Records from a collection
:::

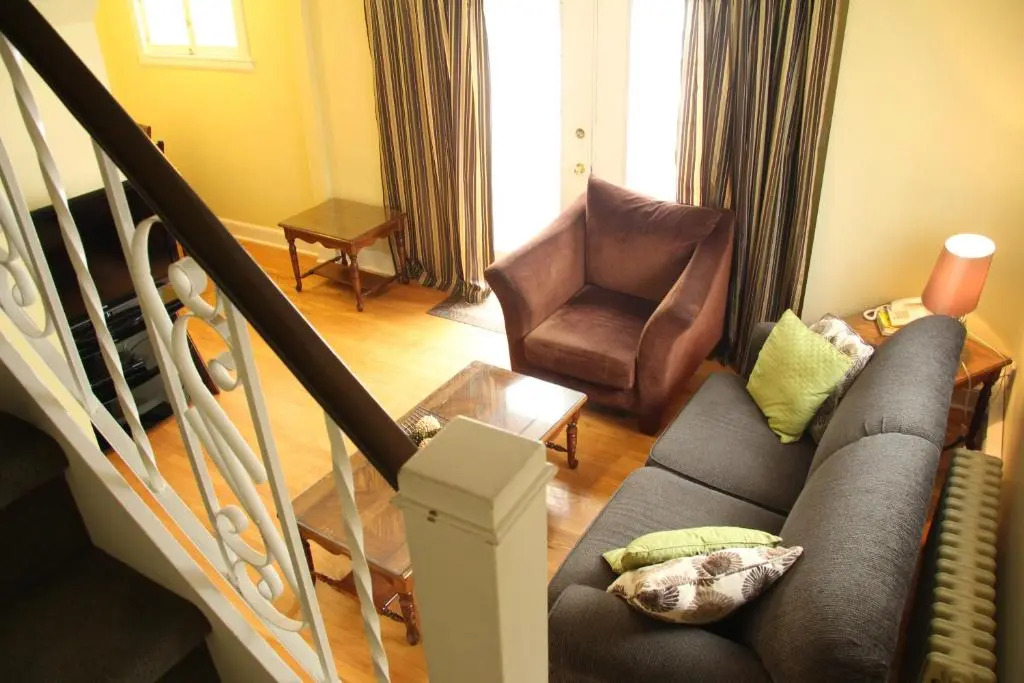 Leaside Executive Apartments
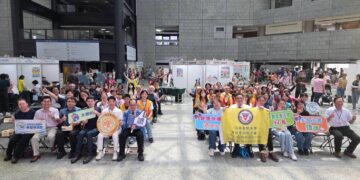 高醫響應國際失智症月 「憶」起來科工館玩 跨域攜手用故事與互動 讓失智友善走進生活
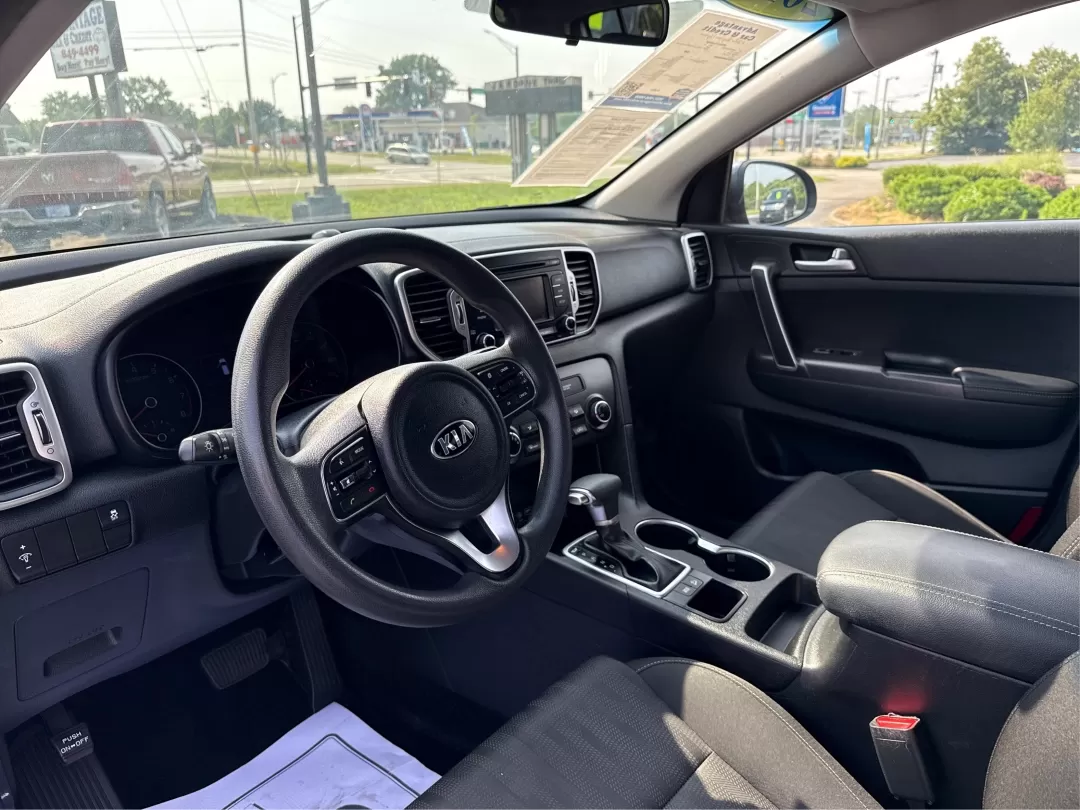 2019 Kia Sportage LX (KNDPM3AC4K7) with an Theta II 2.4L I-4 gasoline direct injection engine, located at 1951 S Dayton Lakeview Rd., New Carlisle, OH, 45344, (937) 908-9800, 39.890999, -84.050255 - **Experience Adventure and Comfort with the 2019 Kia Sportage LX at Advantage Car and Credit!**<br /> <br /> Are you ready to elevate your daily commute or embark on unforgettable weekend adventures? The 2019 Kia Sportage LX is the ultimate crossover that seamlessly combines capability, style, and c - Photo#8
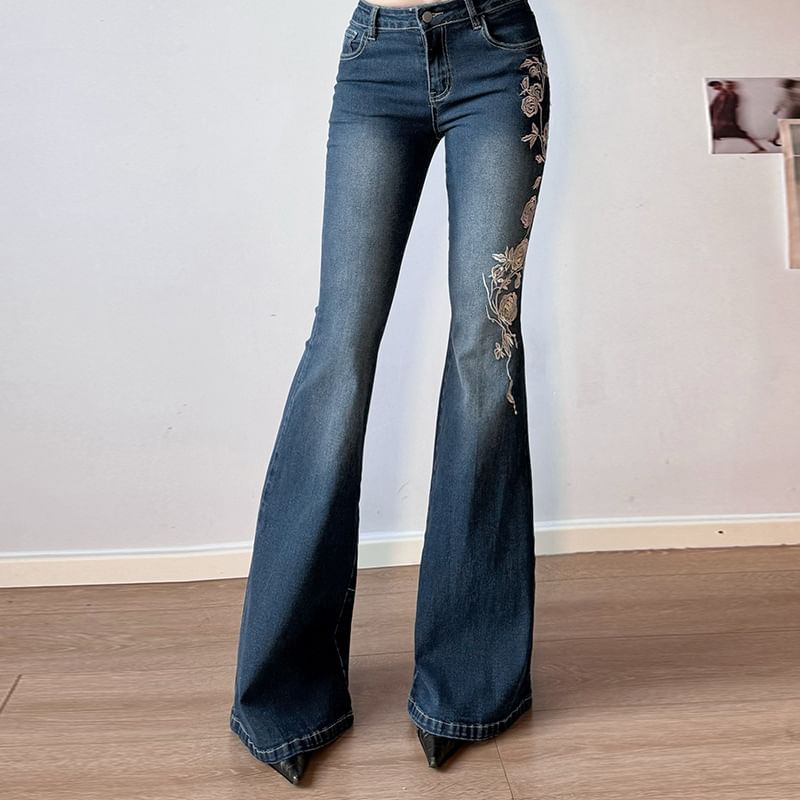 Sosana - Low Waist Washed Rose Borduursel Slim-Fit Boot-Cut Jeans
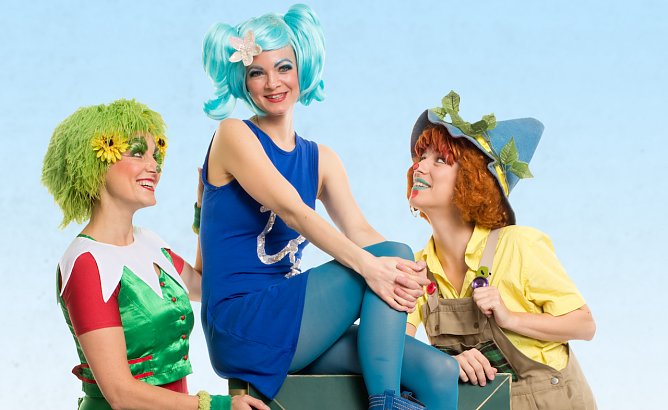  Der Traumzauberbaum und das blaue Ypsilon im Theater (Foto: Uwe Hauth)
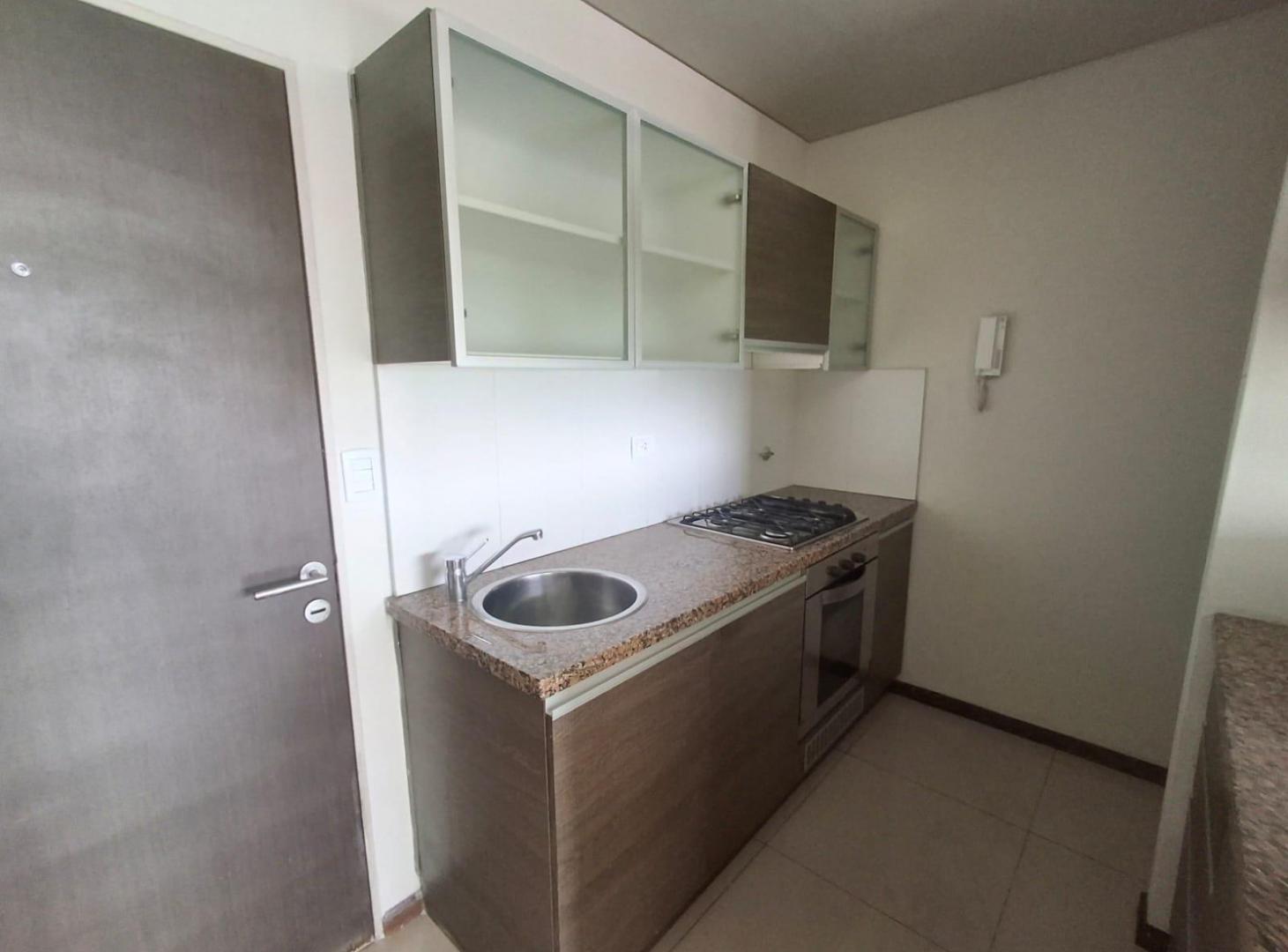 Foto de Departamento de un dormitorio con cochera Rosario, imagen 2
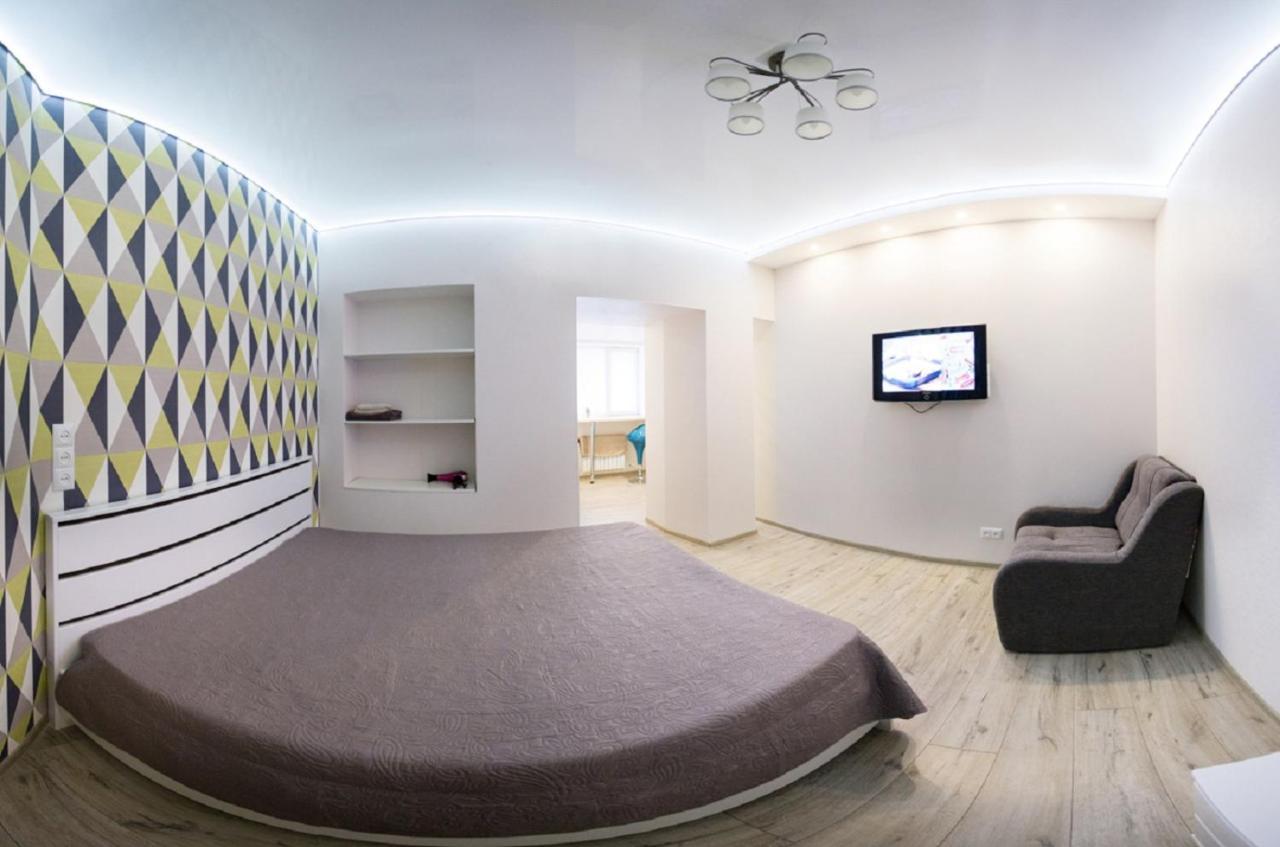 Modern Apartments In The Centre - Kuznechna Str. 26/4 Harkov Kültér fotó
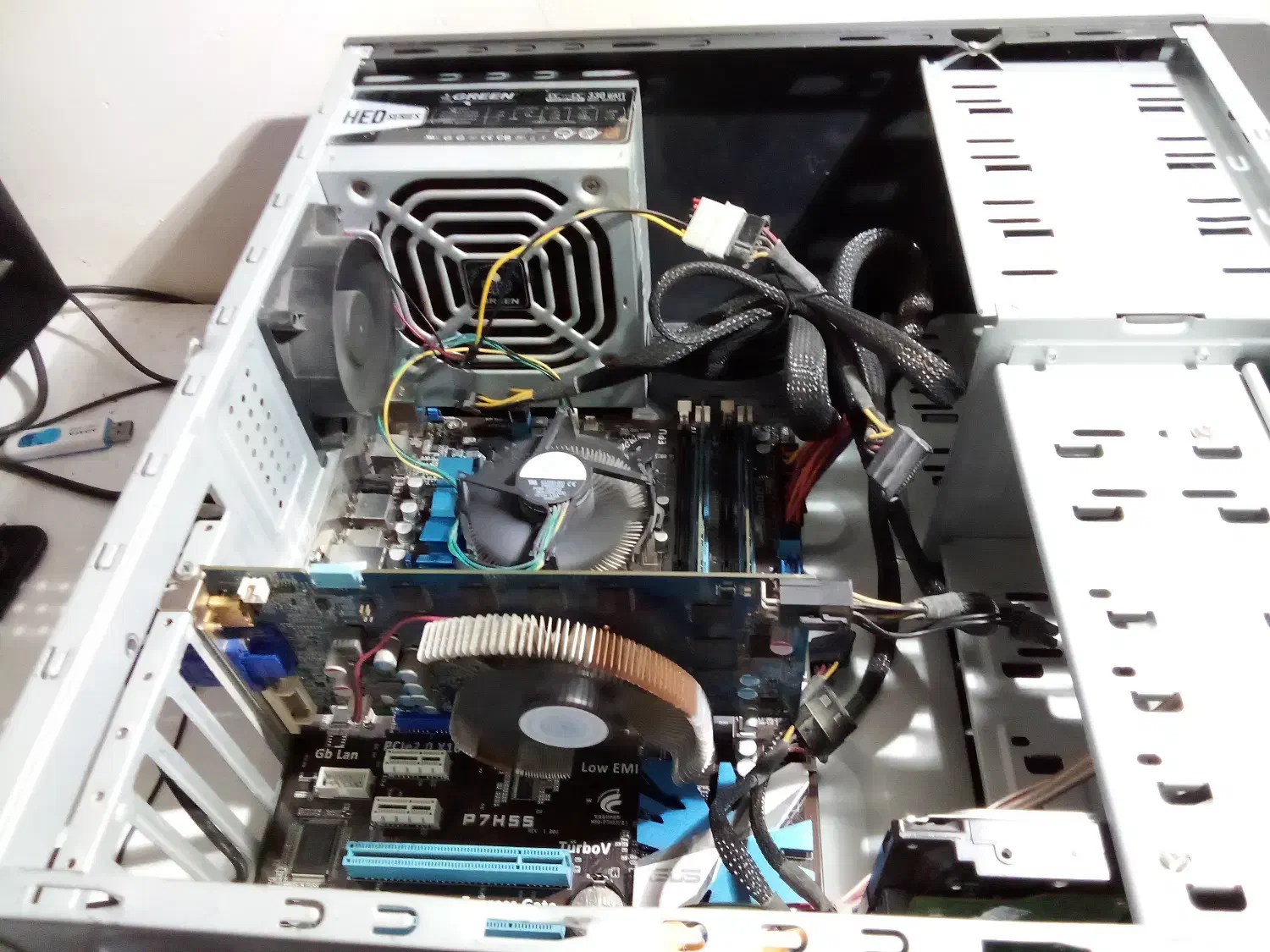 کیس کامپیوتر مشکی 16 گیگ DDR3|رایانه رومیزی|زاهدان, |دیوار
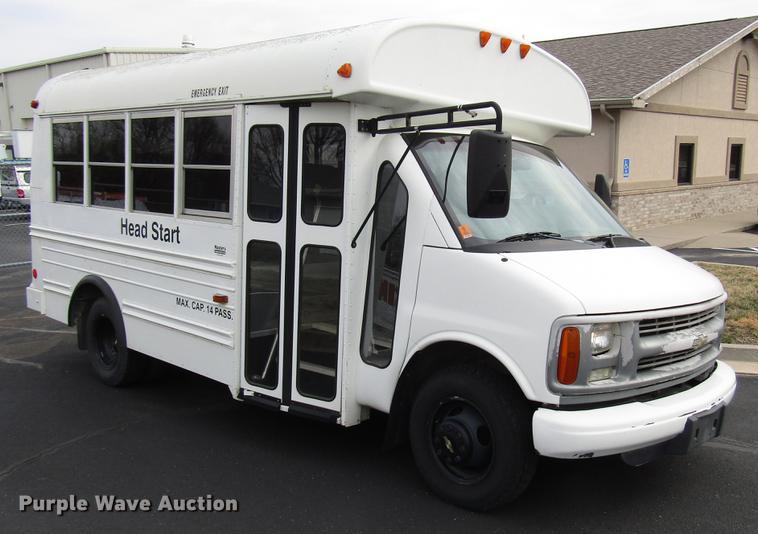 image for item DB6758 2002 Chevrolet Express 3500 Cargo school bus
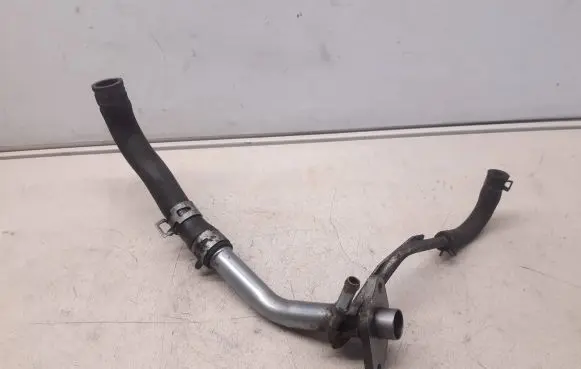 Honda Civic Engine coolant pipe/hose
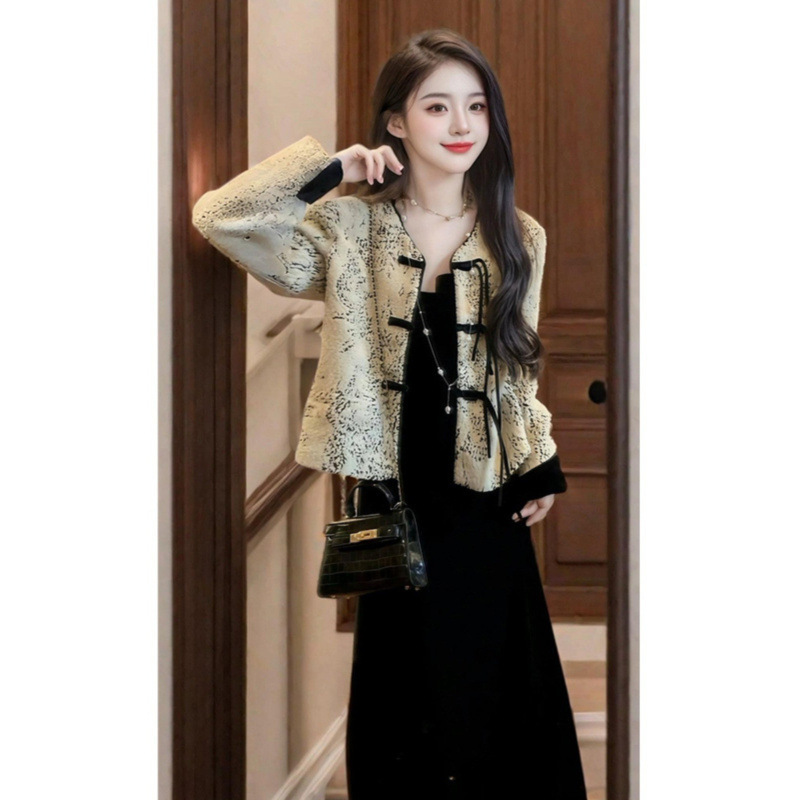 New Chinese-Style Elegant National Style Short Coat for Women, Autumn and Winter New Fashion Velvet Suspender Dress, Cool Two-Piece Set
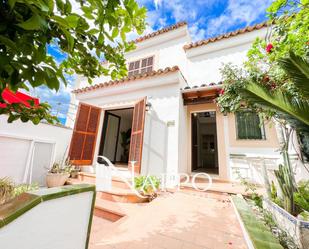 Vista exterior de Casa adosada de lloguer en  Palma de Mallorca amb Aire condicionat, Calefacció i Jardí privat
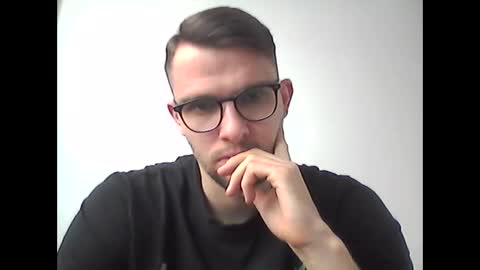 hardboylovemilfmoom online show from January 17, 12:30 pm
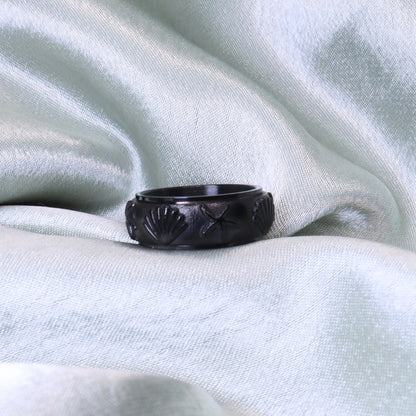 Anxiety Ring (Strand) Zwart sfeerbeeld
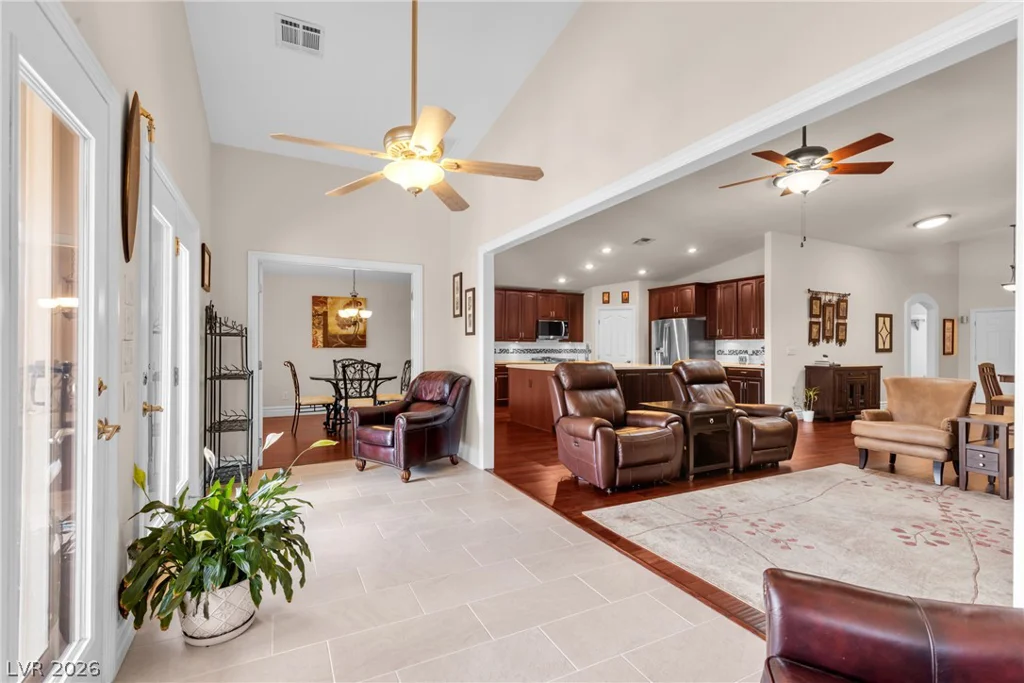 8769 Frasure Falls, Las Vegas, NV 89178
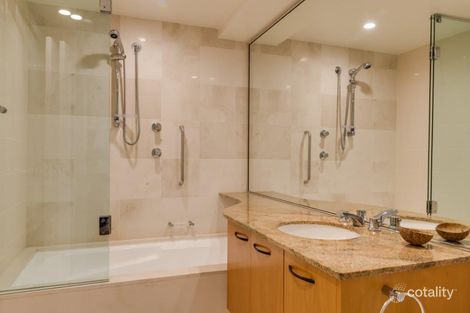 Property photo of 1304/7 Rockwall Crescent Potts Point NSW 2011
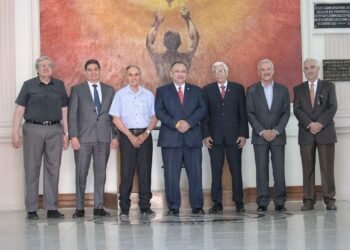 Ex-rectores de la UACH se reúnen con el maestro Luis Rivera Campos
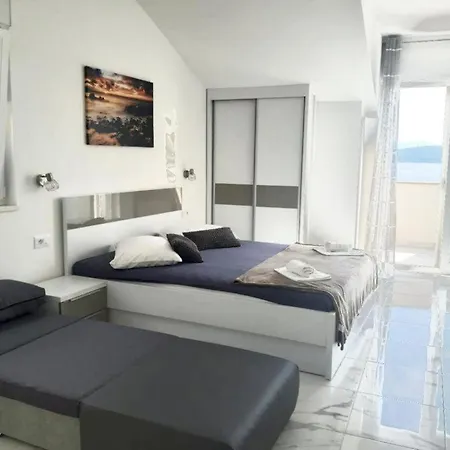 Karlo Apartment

:::

INSTRUCTIONS FOR THE TASK: Retype the data above exactly. Do not carry over any images.

RESPONSE TO THE EXERCISE:
 Leaside Executive Apartments
 高醫響應國際失智症月 「憶」起來科工館玩 跨域攜手用故事與互動 讓失智友善走進生活
 2019 Kia Sportage LX (KNDPM3AC4K7) with an Theta II 2.4L I-4 gasoline direct injection engine, located at 1951 S Dayton Lakeview Rd., New Carlisle, OH, 45344, (937) 908-9800, 39.890999, -84.050255 - **Experience Adventure and Comfort with the 2019 Kia Sportage LX at Advantage Car and Credit!**<br /> <br /> Are you ready to elevate your daily commute or embark on unforgettable weekend adventures? The 2019 Kia Sportage LX is the ultimate crossover that seamlessly combines capability, style, and c - Photo#8
 Sosana - Low Waist Washed Rose Borduursel Slim-Fit Boot-Cut Jeans
  Der Traumzauberbaum und das blaue Ypsilon im Theater (Foto: Uwe Hauth)
 Foto de Departamento de un dormitorio con cochera Rosario, imagen 2
 Modern Apartments In The Centre - Kuznechna Str. 26/4 Harkov Kültér fotó
 کیس کامپیوتر مشکی 16 گیگ DDR3|رایانه رومیزی|زاهدان, |دیوار
 image for item DB6758 2002 Chevrolet Express 3500 Cargo school bus
 Honda Civic Engine coolant pipe/hose
 New Chinese-Style Elegant National Style Short Coat for Women, Autumn and Winter New Fashion Velvet Suspender Dress, Cool Two-Piece Set
 Vista exterior de Casa adosada de lloguer en  Palma de Mallorca amb Aire condicionat, Calefacció i Jardí privat
 hardboylovemilfmoom online show from January 17, 12:30 pm
 Anxiety Ring (Strand) Zwart sfeerbeeld
 8769 Frasure Falls, Las Vegas, NV 89178
 Property photo of 1304/7 Rockwall Crescent Potts Point NSW 2011
 Ex-rectores de la UACH se reúnen con el maestro Luis Rivera Campos
 Karlo Apartment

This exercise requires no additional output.